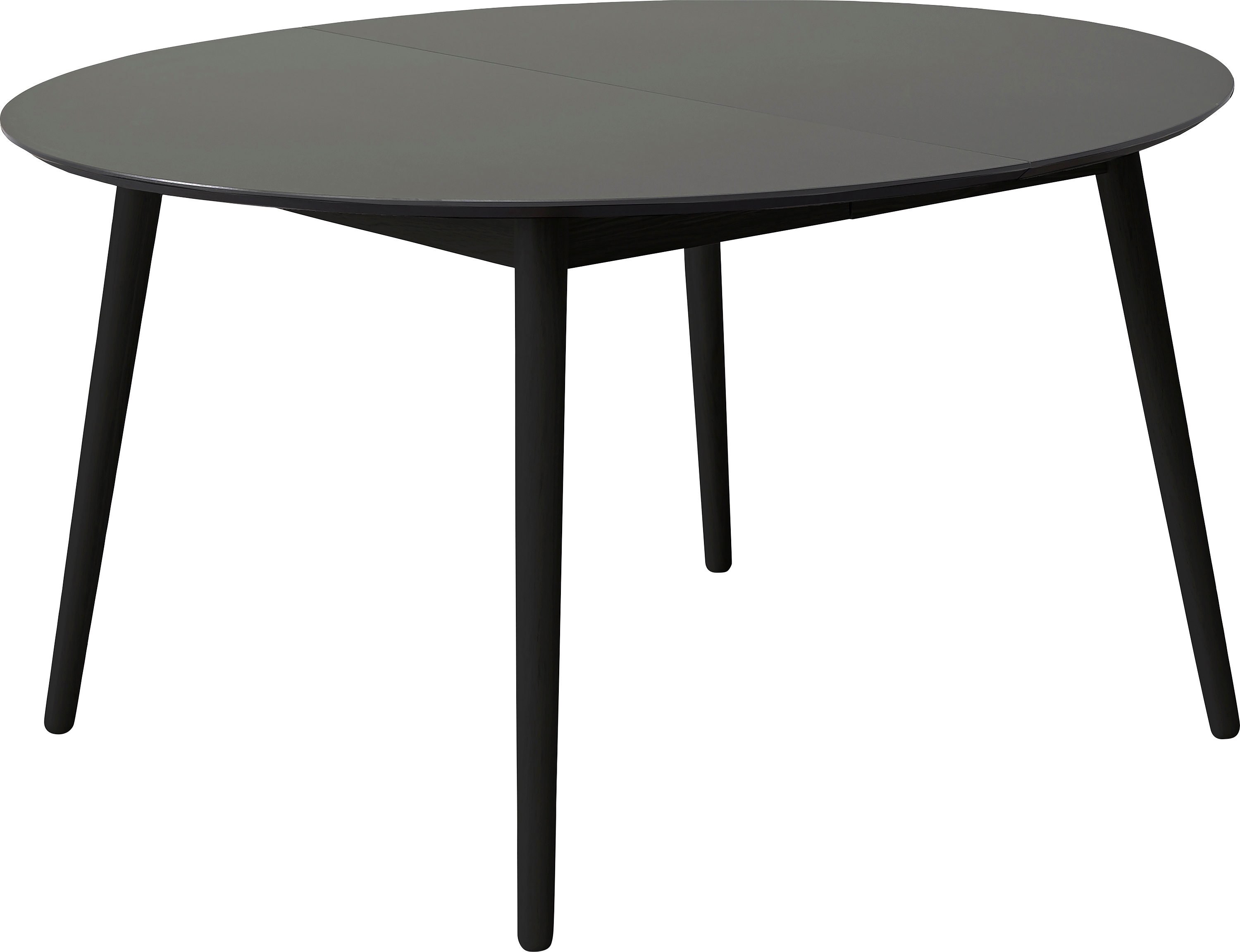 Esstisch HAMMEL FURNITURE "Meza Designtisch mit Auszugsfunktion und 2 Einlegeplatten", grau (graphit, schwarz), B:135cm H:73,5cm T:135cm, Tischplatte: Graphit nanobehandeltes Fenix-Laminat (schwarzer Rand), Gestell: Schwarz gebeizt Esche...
=-=-=
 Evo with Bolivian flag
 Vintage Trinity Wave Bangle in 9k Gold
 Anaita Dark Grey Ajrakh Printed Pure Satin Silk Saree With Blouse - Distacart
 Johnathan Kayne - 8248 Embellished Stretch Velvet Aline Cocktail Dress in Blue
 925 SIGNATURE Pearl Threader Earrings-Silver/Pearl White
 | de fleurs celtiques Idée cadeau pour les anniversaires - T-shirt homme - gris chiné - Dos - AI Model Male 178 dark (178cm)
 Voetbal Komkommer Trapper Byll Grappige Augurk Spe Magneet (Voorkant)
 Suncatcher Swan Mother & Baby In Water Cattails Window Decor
=-=-=
#### ABOUT THIS EXERCISE:
Only one stretch of the entries above is wanted: the lines from the one containing "Vintage Trinity Wave Bangle in 9k Gold" through the one containing "Suncatcher Swan Mother". Please reproduce it exactly.

#### ANSWER TO THE EXERCISE:
 Vintage Trinity Wave Bangle in 9k Gold
 Anaita Dark Grey Ajrakh Printed Pure Satin Silk Saree With Blouse - Distacart
 Johnathan Kayne - 8248 Embellished Stretch Velvet Aline Cocktail Dress in Blue
 925 SIGNATURE Pearl Threader Earrings-Silver/Pearl White
 | de fleurs celtiques Idée cadeau pour les anniversaires - T-shirt homme - gris chiné - Dos - AI Model Male 178 dark (178cm)
 Voetbal Komkommer Trapper Byll Grappige Augurk Spe Magneet (Voorkant)
 Suncatcher Swan Mother & Baby In Water Cattails Window Decor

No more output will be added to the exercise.